RECORDS SHOWN ->
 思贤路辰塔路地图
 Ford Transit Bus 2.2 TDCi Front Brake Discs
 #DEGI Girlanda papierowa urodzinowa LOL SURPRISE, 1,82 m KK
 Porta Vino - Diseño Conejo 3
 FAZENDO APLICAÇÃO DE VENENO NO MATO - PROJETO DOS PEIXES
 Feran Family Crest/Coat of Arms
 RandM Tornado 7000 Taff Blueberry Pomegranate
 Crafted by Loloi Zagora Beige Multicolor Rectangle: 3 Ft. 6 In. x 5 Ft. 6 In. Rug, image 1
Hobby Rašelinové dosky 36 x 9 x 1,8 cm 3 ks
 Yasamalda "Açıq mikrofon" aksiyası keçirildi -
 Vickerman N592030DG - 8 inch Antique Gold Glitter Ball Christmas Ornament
--
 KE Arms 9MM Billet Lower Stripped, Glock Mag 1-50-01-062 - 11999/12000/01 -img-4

INSTRUCTIONS FOR THE TASK -> Looking at the entries above, can you reproduce exactly the lines from the one that holds "RandM Tornado 7000" through the one that holds "Vickerman N592030DG - 8", and only those?

YOUR RESPONSE ->
 RandM Tornado 7000 Taff Blueberry Pomegranate
 Crafted by Loloi Zagora Beige Multicolor Rectangle: 3 Ft. 6 In. x 5 Ft. 6 In. Rug, image 1
Hobby Rašelinové dosky 36 x 9 x 1,8 cm 3 ks
 Yasamalda "Açıq mikrofon" aksiyası keçirildi -
 Vickerman N592030DG - 8 inch Antique Gold Glitter Ball Christmas Ornament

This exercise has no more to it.